EXERCISE GOAL
Look for the line with "Hi guys, now" in the data below, then reproduce word for word that line and every line after it. Leave out all pictures and add nothing.

DATA EXTRACT
##############################

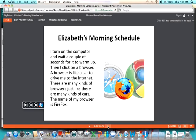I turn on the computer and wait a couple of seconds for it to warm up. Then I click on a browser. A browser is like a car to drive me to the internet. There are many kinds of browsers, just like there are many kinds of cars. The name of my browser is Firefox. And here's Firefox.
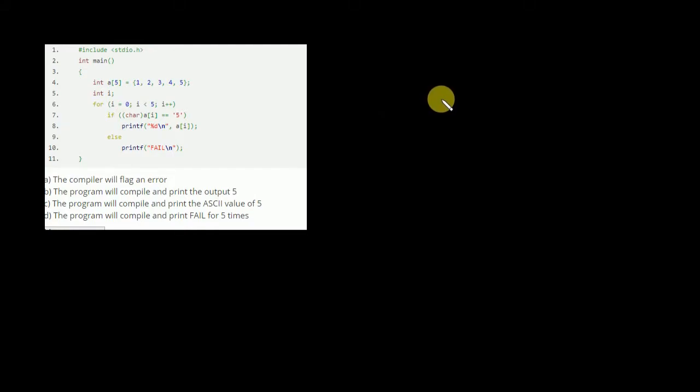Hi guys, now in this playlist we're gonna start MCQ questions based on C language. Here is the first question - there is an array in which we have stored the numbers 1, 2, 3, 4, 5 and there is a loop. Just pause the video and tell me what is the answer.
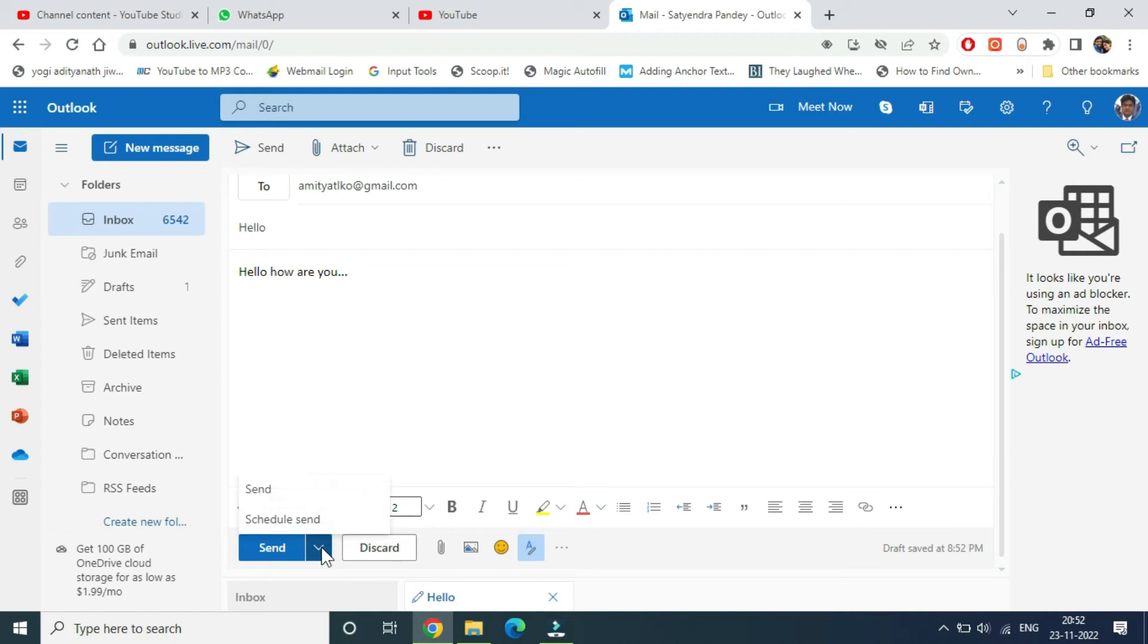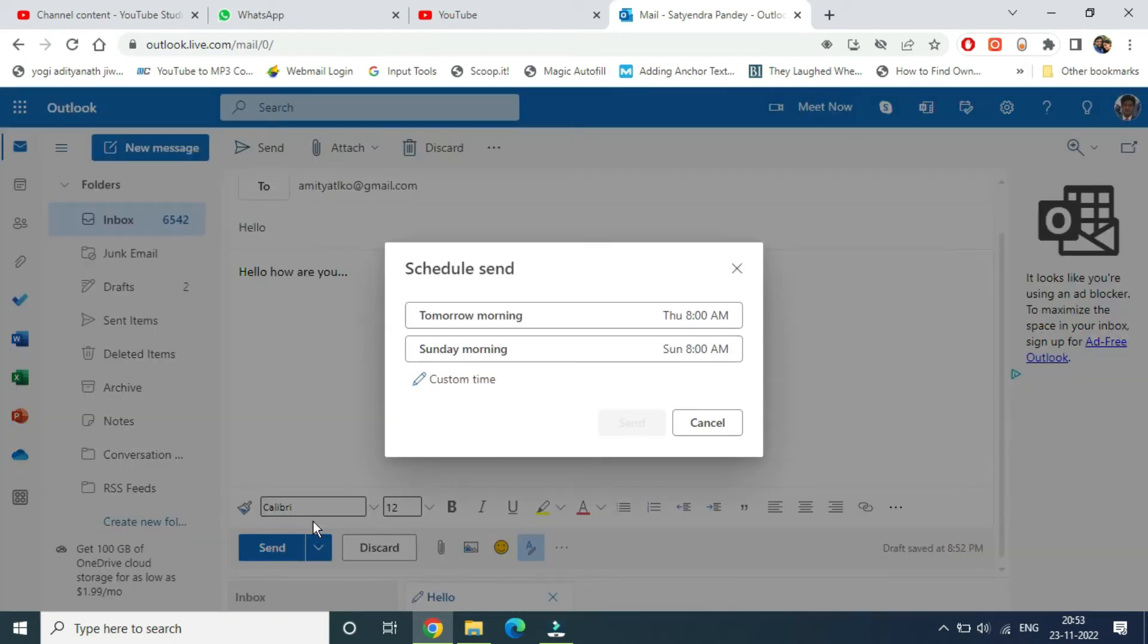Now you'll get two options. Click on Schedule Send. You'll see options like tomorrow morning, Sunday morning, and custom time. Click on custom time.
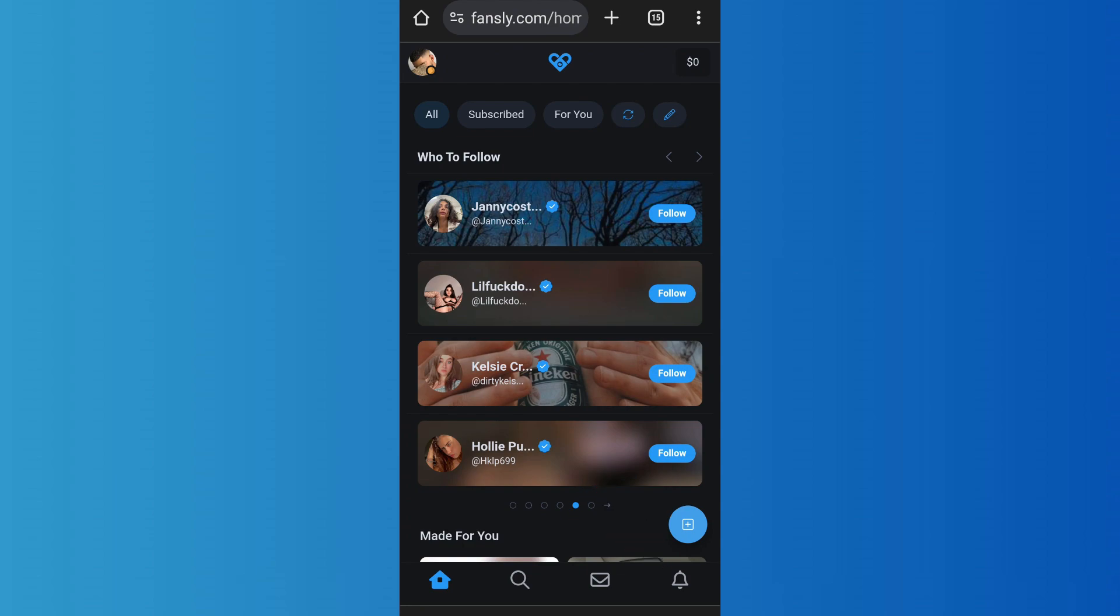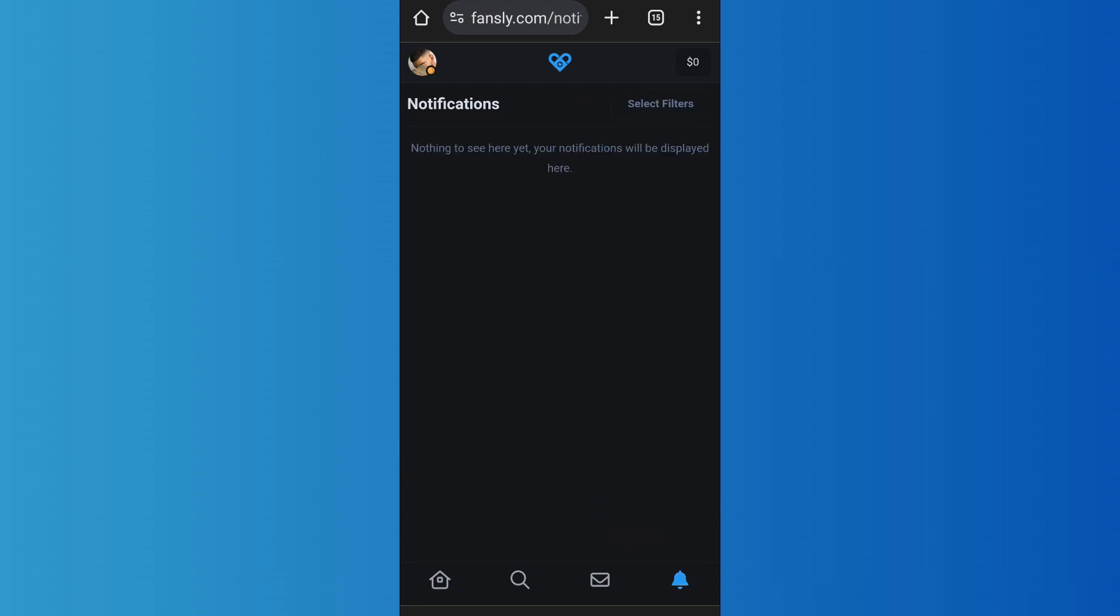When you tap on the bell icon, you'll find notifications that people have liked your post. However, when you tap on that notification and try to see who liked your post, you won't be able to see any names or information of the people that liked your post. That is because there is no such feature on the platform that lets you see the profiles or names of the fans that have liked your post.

##############################

TASK RESULT
Hi guys, now in this playlist we're gonna start MCQ questions based on C language. Here is the first question - there is an array in which we have stored the numbers 1, 2, 3, 4, 5 and there is a loop. Just pause the video and tell me what is the answer.
Now you'll get two options. Click on Schedule Send. You'll see options like tomorrow morning, Sunday morning, and custom time. Click on custom time.
When you tap on the bell icon, you'll find notifications that people have liked your post. However, when you tap on that notification and try to see who liked your post, you won't be able to see any names or information of the people that liked your post. That is because there is no such feature on the platform that lets you see the profiles or names of the fans that have liked your post.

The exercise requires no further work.